Aquel día, tomando un libro del estante, se intrigó, no por las palabras del libro sino por las notas escritas en el margen. La escritura suave reflejaba un alma pensativa y una mente brillante. En la parte frontal del libro descubrió el nombre de la dueña anterior, la señorita Hollys Maynell. Con tiempo y esfuerzo, localizó su dirección. Ella vivía en Nueva York.
Le escribió una carta para presentarse y para invitarla a responderle. Al día siguiente, John fue enviado por barco para servir en la Segunda Guerra Mundial. Durante un año y un mes, los dos se conocieron a través del correo, y el romance fue creciendo. John le pidió una fotografía pero ella se negó. Ella sentía que si a él de verdad le importaba, no le importaría cómo luciera. Cuando por fin llegó el día en que él regresaría de Europa, ellos arreglaron su primer encuentro: A las 7:00 de la tarde, en la Gran Estación Central de Nueva York: “Tú me reconocerás” dijo ella, por la rosa roja que llevaré en la solapa. Así que a las 7 John estaba en la estación buscándola.
Pero es mejor que el señor X les diga lo que sucedió: “Una joven mujer vino hacia mí, su figura era alta y esbelta. Su cabello rubio y rizado estaba detrás de sus delicadas orejas; sus ojos eran azules como flores. Sus labios y su mentón tenían una gentil firmeza, y su traje verde pálido era como la primavera en vida.
Yo comencé a caminar hacia ella sin darme cuenta que no llevaba la rosa. Mientras me movía, una pequeña y provocativa sonrisa curvó sus labios: “¿Vas hacia mí, marinero?” Murmuró ella. Casi incontrolablemente, di un paso hacia ella y entonces, vi a Hollis Maynell.

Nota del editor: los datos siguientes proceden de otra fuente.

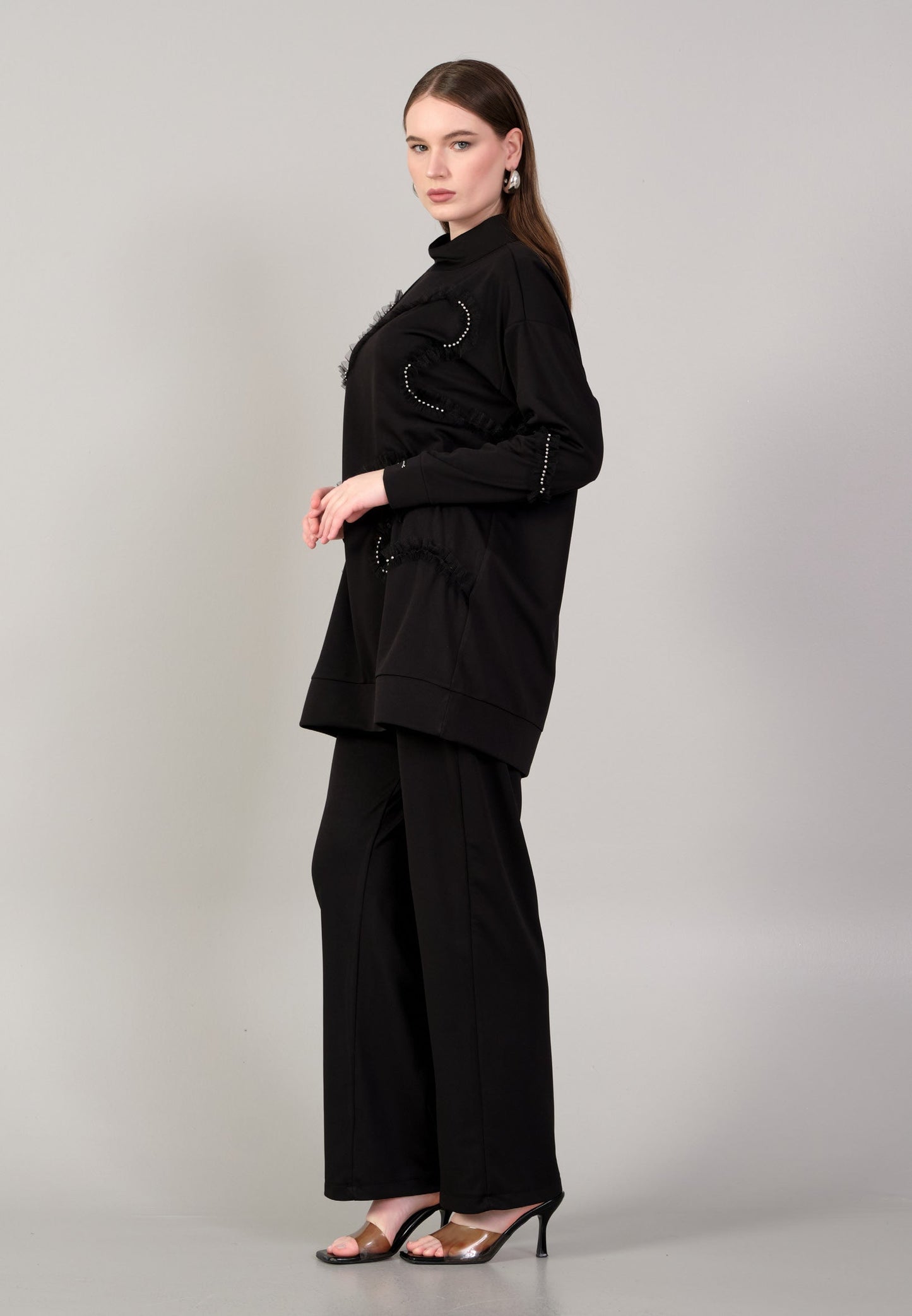 Long Sleeve Viscose Solid Color Regular Two-Piece Outfit Black - Unit Price: 60$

Estaba parada casi detrás de la chica. Una mujer de más de 50 años, de cabello grisáceo bajo un sombrero gastado. Era más que regordeta, sus pies con gruesos tobillos descansaban en zapatos de suela baja. La chica con el traje verde se iba rápidamente.
Sentí como si me partiera en dos: Un deseo muy agudo de seguirla, y a la vez un profundo anhelo por la mujer cuyo espíritu me había acompañado y apoyado. Y ahí estaba ella. Su pálida y rolliza cara era gentil y sensible, sus ojos grises tenían un brillo cálido y amigable… No vacilé: Mis dedos apretaron la pequeña y usada copia de cuero del libro que servía  para identificarme con ella. Esto no sería amor, pero sería algo preciado, algo quizá mejor que el amor, una amistad por la que había y debía estar siempre agradecido.
Cuadré mis hombros, saludé y le ofrecí el libro a la mujer, aunque mientras hablaba me sentí ahogado por la amargura de mi decepción. Soy el Teniente John X, y usted debe ser la Srta. Maynell. Estoy muy contento de que me conozca. ¿La puedo llevar a cenar? La cara de la mujer se ensanchó en una sonrisa tolerante.
“No sé de qué se trata esto hijo”, respondió, “pero la señorita con el traje verde que se acaba de ir me rogó que pusiera esta rosa en mi abrigo. Y dijo que si usted me invitaba a cenar yo le dijera que lo está esperando en el restaurante de enfrente. Dijo que era una especie de prueba”.
No es difícil entender y admirar la sabiduría de la Srta. Maynell. La verdadera naturaleza de un corazón se ve en su respuesta a lo no atractivo. “Dime a quien amas” escribió Houssaye, “Y te diré quién eres”.
Mateo 22:37
Jesús le dijo: Amarás al Señor tu Dios con todo tu corazón, y con toda tu alma, y con toda tu mente.
1 Juan 4:21
Y nosotros tenemos este mandamiento de él: El que ama a Dios, ame también a su hermano.
1 Juan 4:7
Amados, amémonos unos a otros; porque el amor es de Dios. Todo aquel que ama, es nacido de Dios, y conoce a Dios.
1 Juan 2:15
No améis al mundo, ni las cosas que están en el mundo. Si alguno ama al mundo, el amor del Padre no está en él.
1 Juan 2:10
El que ama a su hermano, permanece en la luz, y en él no hay tropiezo.